Work task ▸ In the entries below, which lines run from the one with "Aphrodite™ | Collier en Perle d’Eau Douce" through the one with "Quan Duo Hotel"? Repeat exactly those, both included, and no pictures.

Provided records ▸
====================

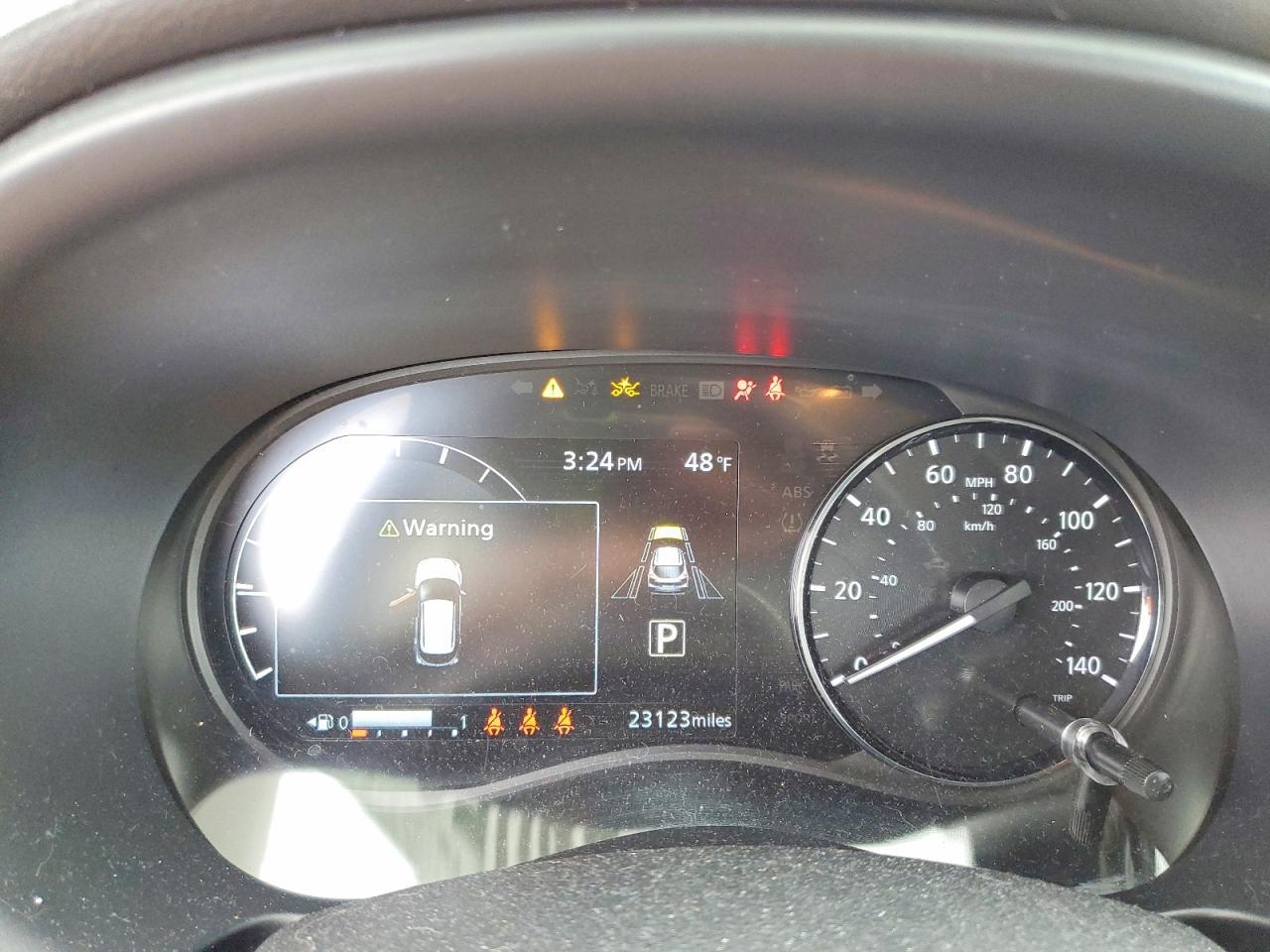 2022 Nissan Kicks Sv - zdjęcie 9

====================

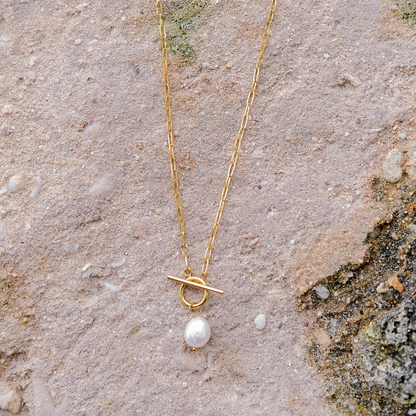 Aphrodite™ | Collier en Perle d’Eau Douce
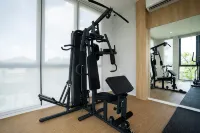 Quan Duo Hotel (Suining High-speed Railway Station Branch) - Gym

====================

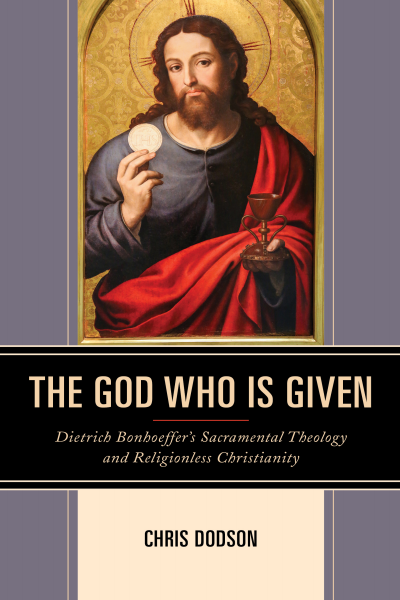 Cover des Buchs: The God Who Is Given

====================

Your response ▸
 Aphrodite™ | Collier en Perle d’Eau Douce
 Quan Duo Hotel (Suining High-speed Railway Station Branch) - Gym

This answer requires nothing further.